Le périple a débuté l’après-midi à Néant-Sur-Yvel, à l’école Saint Joseph, où les 80 enfants des écoles réunies de Néant sur Yvel et de Guilliers, ont chanté en l’honneur de l’évêque. « Il est notre père à tous« , leur dira le futur prêtre, Thierry Felix. « C’est un évènement pour nous« , raconte Linda, institutrice à St Joseph. « C’est la première fois que nous avons la visite de l’évêque. » Les enfants avaient réalisé un calice avec des pétales de fleurs sur le sol de la cour de l’école.  « Tout le monde s’est investi dans la préparation », renchérit la directrice, Maria Joubier.  « C’est l’occasion d’amener l’Eglise à l’école, car beaucoup n’y vont jamais. » « …Et de mettre un visage sur la personne de l’évêque » ajoute-t-elle… car la plupart ne l’ont jamais vu.  »  De plus c’est un tremplin pour la catéchèse de l’année prochaine, cela permettra de voir ce que les enfants ont retenu ! »

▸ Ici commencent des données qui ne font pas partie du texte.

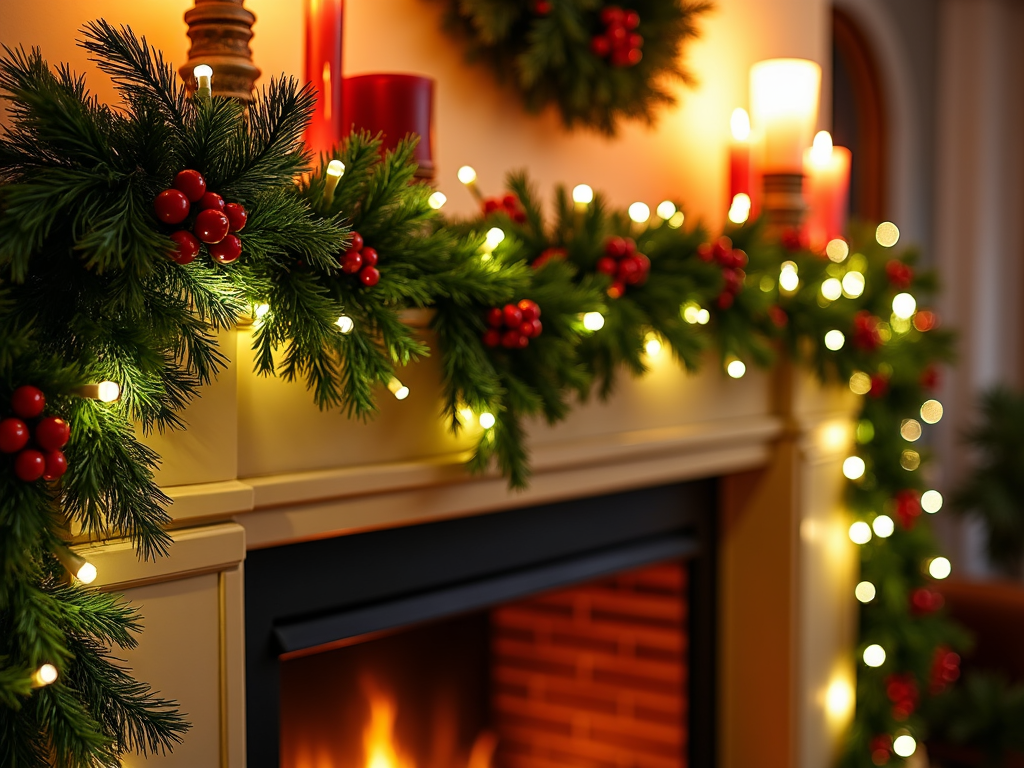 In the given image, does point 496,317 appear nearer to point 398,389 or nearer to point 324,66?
point 398,389

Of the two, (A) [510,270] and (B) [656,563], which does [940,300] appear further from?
(A) [510,270]

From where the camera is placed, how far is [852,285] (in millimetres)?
1786

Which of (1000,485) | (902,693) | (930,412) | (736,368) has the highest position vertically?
(736,368)

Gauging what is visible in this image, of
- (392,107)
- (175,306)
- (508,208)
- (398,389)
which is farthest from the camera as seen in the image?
(508,208)

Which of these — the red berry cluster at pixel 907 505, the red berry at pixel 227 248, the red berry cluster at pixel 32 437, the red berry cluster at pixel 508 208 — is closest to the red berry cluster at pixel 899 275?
the red berry cluster at pixel 907 505

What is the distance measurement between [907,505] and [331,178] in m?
1.46

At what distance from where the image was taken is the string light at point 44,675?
0.69 metres

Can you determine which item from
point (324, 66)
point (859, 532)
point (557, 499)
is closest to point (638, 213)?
point (557, 499)

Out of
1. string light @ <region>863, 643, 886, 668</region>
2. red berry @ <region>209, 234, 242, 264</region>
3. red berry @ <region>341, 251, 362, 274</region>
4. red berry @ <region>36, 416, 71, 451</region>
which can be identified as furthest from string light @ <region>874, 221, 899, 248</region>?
red berry @ <region>36, 416, 71, 451</region>

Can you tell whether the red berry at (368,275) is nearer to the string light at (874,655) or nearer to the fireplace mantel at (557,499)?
the fireplace mantel at (557,499)

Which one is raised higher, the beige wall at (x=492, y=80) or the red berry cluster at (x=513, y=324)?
the beige wall at (x=492, y=80)

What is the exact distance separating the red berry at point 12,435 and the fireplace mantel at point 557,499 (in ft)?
0.63

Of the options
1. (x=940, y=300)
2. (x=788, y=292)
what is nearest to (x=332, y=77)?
(x=788, y=292)

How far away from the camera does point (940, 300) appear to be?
369 centimetres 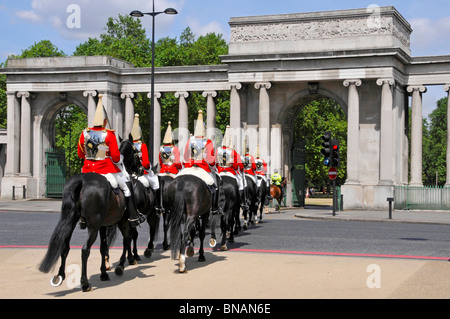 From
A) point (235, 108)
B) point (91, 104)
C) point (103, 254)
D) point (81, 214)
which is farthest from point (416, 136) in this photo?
point (81, 214)

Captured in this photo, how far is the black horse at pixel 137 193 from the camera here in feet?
41.8

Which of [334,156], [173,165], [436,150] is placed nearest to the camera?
[173,165]

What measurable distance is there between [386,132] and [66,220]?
29.6 meters

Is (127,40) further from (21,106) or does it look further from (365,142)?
(365,142)

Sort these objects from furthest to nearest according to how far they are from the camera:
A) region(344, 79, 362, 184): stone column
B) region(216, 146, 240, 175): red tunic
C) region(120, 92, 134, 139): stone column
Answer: region(120, 92, 134, 139): stone column, region(344, 79, 362, 184): stone column, region(216, 146, 240, 175): red tunic

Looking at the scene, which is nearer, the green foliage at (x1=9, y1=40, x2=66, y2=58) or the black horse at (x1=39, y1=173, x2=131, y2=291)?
the black horse at (x1=39, y1=173, x2=131, y2=291)

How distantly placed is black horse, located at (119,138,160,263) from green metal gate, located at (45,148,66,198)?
32276 millimetres

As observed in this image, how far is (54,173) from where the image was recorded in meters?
Answer: 46.1

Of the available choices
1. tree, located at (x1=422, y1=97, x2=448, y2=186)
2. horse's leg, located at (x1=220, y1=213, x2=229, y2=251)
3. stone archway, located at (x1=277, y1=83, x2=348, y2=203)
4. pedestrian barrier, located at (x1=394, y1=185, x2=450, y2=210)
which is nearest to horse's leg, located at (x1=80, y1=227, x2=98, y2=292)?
horse's leg, located at (x1=220, y1=213, x2=229, y2=251)

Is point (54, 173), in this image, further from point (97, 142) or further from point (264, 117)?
point (97, 142)

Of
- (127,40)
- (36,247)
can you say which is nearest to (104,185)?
(36,247)

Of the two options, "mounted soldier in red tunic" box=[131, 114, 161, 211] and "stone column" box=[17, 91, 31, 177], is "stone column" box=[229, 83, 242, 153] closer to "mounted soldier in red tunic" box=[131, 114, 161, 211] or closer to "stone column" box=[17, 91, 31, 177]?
"stone column" box=[17, 91, 31, 177]

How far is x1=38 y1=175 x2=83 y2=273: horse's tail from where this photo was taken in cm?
1012

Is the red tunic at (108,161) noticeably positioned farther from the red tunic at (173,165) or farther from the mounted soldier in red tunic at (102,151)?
the red tunic at (173,165) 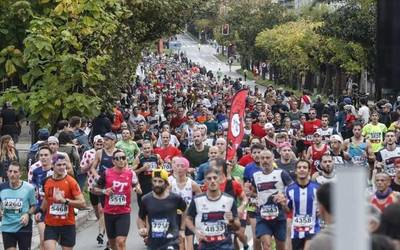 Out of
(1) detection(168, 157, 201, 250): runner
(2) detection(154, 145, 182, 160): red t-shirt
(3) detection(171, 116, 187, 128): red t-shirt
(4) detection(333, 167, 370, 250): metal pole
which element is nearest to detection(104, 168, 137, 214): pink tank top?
(1) detection(168, 157, 201, 250): runner

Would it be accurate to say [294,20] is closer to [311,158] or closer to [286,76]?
[286,76]

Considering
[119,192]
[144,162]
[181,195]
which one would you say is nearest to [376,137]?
[144,162]

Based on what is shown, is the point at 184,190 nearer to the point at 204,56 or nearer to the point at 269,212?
the point at 269,212

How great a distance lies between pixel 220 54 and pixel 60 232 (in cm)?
12647

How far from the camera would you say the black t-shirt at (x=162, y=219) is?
412 inches

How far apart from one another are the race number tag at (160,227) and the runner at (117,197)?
173cm

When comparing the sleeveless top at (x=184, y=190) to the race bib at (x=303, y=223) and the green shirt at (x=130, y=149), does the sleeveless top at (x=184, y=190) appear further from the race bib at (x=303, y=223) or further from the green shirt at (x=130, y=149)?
the green shirt at (x=130, y=149)

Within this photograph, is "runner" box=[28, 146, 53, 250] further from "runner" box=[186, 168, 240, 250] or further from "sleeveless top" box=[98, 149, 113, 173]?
"runner" box=[186, 168, 240, 250]

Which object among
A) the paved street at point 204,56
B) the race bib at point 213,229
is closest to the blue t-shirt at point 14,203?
the race bib at point 213,229

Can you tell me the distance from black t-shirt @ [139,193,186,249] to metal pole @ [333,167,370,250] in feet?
27.4

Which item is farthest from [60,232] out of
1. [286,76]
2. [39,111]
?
[286,76]

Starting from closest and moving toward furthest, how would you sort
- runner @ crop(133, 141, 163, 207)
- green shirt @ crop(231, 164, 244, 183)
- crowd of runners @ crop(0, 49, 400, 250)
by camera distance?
crowd of runners @ crop(0, 49, 400, 250) → green shirt @ crop(231, 164, 244, 183) → runner @ crop(133, 141, 163, 207)

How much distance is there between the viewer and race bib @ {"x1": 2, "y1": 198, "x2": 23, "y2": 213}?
11023 millimetres

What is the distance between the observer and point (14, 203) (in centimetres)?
1105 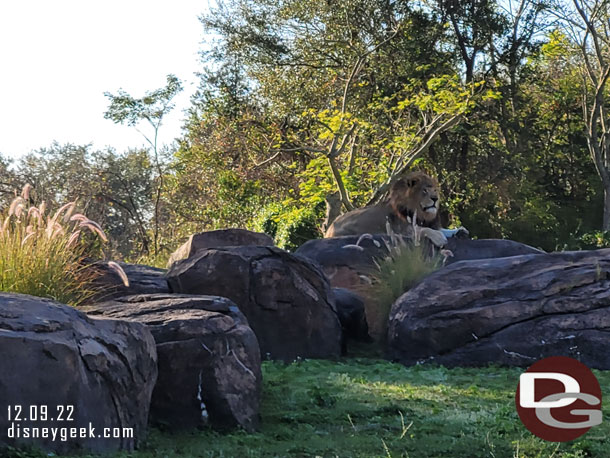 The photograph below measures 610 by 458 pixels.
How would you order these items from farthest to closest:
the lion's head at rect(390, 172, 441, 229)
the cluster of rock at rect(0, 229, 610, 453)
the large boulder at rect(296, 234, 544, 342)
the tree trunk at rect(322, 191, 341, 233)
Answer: the tree trunk at rect(322, 191, 341, 233) → the lion's head at rect(390, 172, 441, 229) → the large boulder at rect(296, 234, 544, 342) → the cluster of rock at rect(0, 229, 610, 453)

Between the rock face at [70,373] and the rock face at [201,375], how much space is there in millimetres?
391

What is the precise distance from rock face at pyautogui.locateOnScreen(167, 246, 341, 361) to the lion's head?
17.3ft

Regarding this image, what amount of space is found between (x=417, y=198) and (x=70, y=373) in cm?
1019

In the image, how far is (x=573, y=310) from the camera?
8.40 m

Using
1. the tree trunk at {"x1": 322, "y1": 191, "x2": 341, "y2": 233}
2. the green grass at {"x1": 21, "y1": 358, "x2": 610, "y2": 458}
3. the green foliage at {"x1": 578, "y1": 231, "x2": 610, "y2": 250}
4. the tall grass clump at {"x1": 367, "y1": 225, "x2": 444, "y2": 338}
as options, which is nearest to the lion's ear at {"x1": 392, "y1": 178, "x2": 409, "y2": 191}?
the tall grass clump at {"x1": 367, "y1": 225, "x2": 444, "y2": 338}

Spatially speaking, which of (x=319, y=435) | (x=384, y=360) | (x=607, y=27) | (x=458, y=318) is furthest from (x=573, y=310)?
(x=607, y=27)

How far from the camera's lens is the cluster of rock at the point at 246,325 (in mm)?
4500

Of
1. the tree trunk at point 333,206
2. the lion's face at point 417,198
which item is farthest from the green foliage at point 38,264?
the tree trunk at point 333,206

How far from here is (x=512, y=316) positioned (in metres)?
8.47

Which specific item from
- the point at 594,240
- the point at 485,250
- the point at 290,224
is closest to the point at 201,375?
the point at 485,250

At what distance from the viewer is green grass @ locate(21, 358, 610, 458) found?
487cm

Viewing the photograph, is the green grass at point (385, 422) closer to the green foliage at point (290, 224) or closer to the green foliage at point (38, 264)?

Partis ensuite en carriole à chevaux vers Tréhorenteuc, l’abbé, accompagné de Monseigneur, de paroissiens et d’enfants, a célébré la Fête-Dieu dans la petite église Sainte Onenne-St Eutrope, rénovée grâce à l’abbé Gillard.

« Eglise particulièrement eucharistique » dira le père Blot dans son mot de présentation, elle est « bien placée pour célébrer la Fête-Dieu« . On y honore la Puissance du Sang Divin « qui donne l’énergie à ce lieu« , représentée dans une très belle mozaïque d’Odorico. L’on y voit sur fond de croix de Jérusalem un calice, « qui évoque ce qui se passe sur l’autel« , même si certains préfèrent y voir le Graal de la légende arthurienne….  Une médaille de bronze à son effigie a même été frappée pour l’occasion par la Monnaie de Paris, à la demande de l’abbé Lebel ! (mise à la disposition des visiteurs, en vente,  à l’entrée de l’église).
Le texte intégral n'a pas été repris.